My two favorite books by McCarthy are A Charmed Life, a  satiric novel which focuses on several characters in an artists’ colony in a New England village, and Birds of America, a hilarious skewering of American innocence and hypocrisy through the eyes of a radical college student on his junior year abroad at the Sorbonne  in the 1960s. (I wrote about these two  here and  here. )

All right, I can’t read my favorites all the time.   I recently hunkered down with McCarthy’s little-known novella, The Oasis (1949).  Here, she satirizes a group of intellectuals who decide to start a community in the mountains, where they will live communally (albeit in separate quarters) without electricity and will grow their own food.  They arrogantly call their community Utopia.  And of course they intend not to fail in the grand manner of Fruitlands, the commune founded by Bronson Alcott and satirized in Louisa’s Transcendental Wild Oats,  and other Utopian experiments.

The community is divided into two groups, the Purists and the Realists.  And the subject of dissension at the meetings is too often Joe Lockman, a sentimental Babbitt-like salesman who irritates nearly everyone in every scene.  Mac, the leader of the Purists, is furious at the idea of admitting bumbling Joe to Utopia.

“He is the antithesis of everything we stand for,” shouted MacDougal MacDermott, the editor of a libertarian magazine, the night Joe’s name was proposed to the Utopian council. “My God, aren’t we going to have any standards? ….  my God, the man is uncivilized.  Don’t you believe in anything?  This fellow is a yahoo.”

But then Mac decides accepts Joe.  And, in retrospect, this overly-scrupulous admission is a mistake.

Will Taub, the leader of the Realists, does not share the Purists’ ideals.  He joins Utopia mostly because he wants to see it fall, as do his friends.  “In practice, of course Taub and his friends conceded to anyone (this automatically excluded fascists and communists) the liberty of behaving as ineffectually as he wished.  But the right of a human being to think that he could resist history, environment, class structure, psychic conditioning was something they denied him with all the ferocity of their own pent-up natures and disappointed hopes.”

On the first morning at Utopia,  Joe  awakens everyone with gun shots. (He is doing target practice.)     And the stove, which he was fiddling with before he got out his gun, explodes and burns off the bangs and eyebrows of Katy, who is  in charge of breakfast that day.  Katy had proposed Joe’s name–and now they are stuck with him.

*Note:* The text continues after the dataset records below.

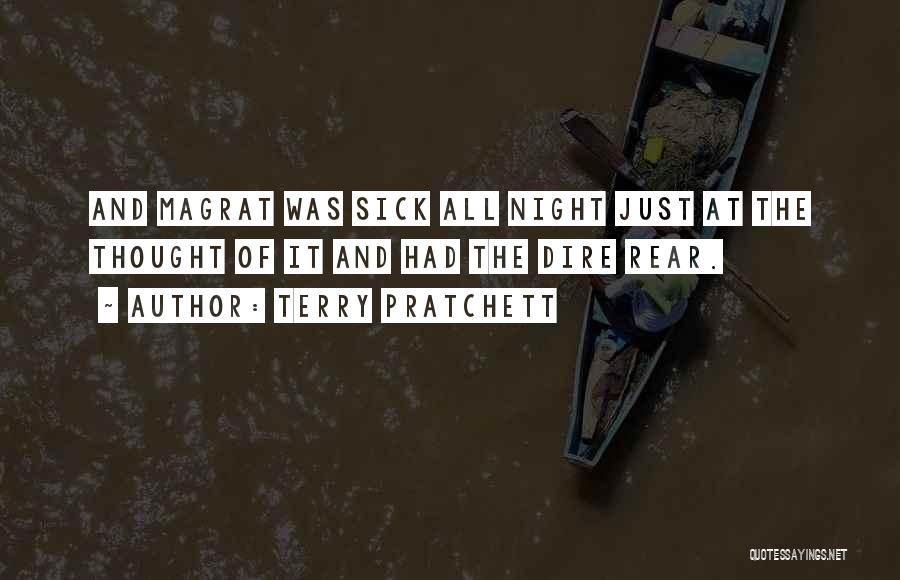 Terry Pratchett Quotes: And Magrat Was Sick All Night Just At The Thought Of It And Had The Dire Rear.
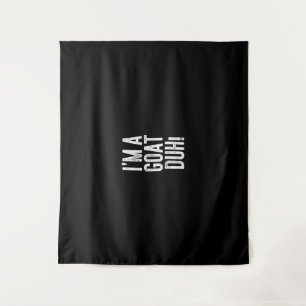 Dames Ik Ben Een Geit Duh! Kledingstuk Cadeau Wandkleed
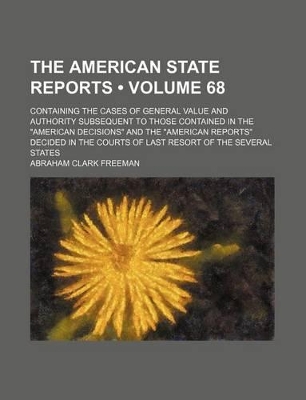 Book cover for The American State Reports (Volume 68); Containing the Cases of General Value and Authority Subsequent to Those Contained in the "American Decisions" and the "American Reports" Decided in the Courts of Last Resort of the Several States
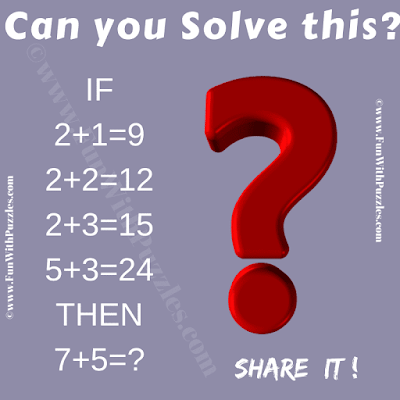 Can you Crack the Code? If 2+1=9, 2+2=12, 2+3=15, 5+3=24 then 7+5=?
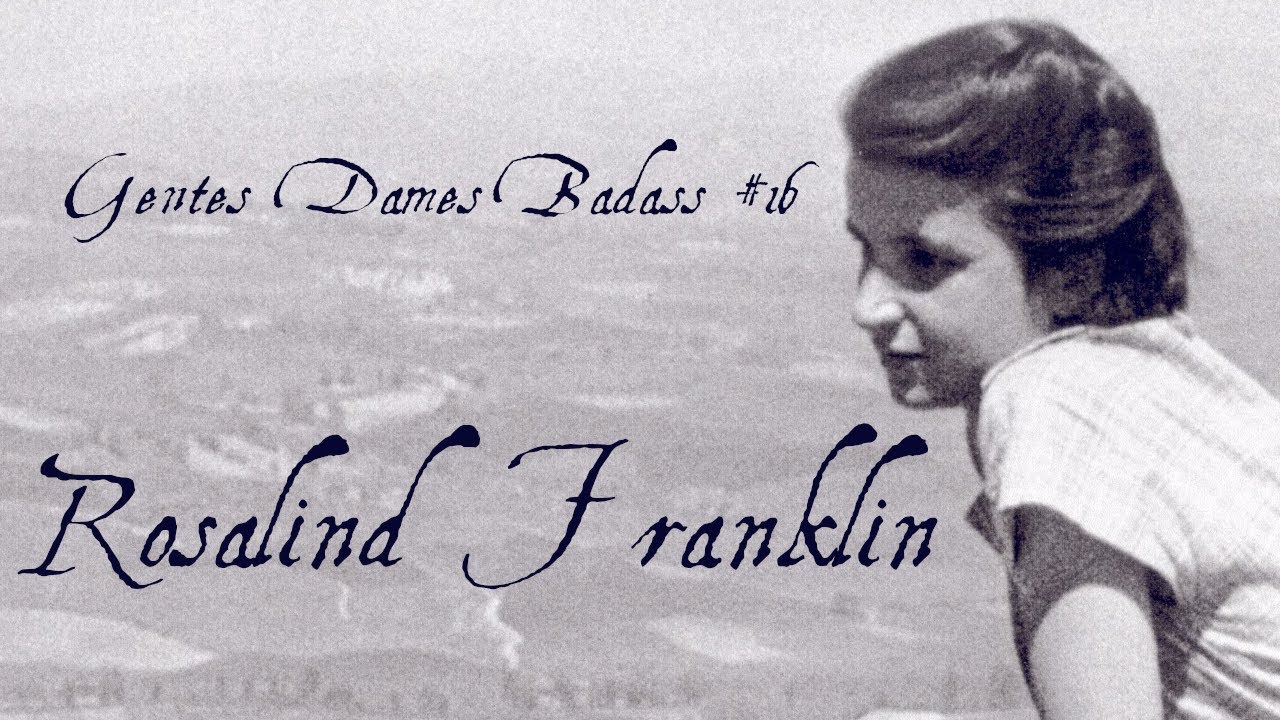 Rosalind Franklin - Gentes Dames Badass #16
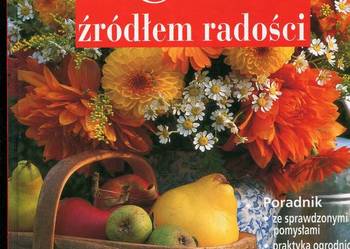 Ogród źródłem radości Poradnik - Simon,Becker,Nicking Ogród źródłem radości Poradnik - Simon,Becker,Nicking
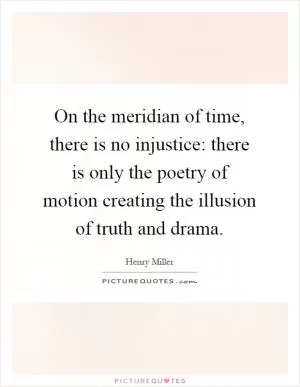 On the meridian of time, there is no injustice: there is only the poetry of motion creating the illusion of truth and drama Picture Quote #1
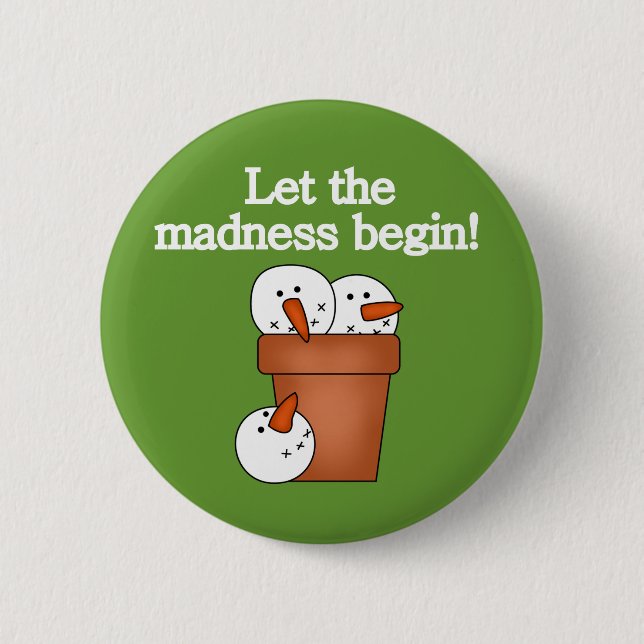 Snowman Holiday Madness T-shirts and Gifts Pinback Button (Front)
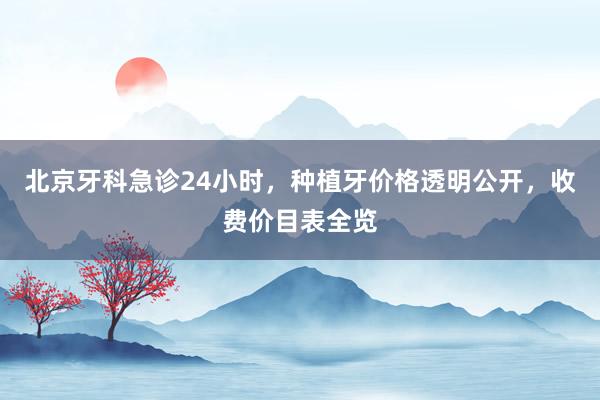 北京牙科急诊24小时，种植牙价格透明公开，收费价目表全览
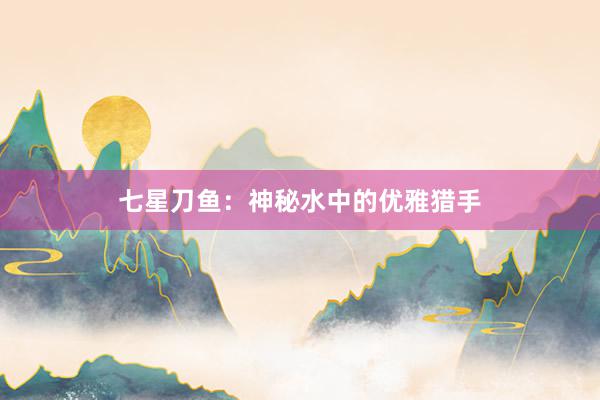 七星刀鱼：神秘水中的优雅猎手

Community meetings go nowhere–political action seems too difficult when there are only 50 residents–and even the brochures they discuss don’t get written.  (They did, however, get things done back in the city.)  But they do somehow manage to grow their own food.  And it is on a beautiful morning when they plan to pick strawberries and have a picnic that they find intruders in the meadow  picking their berries.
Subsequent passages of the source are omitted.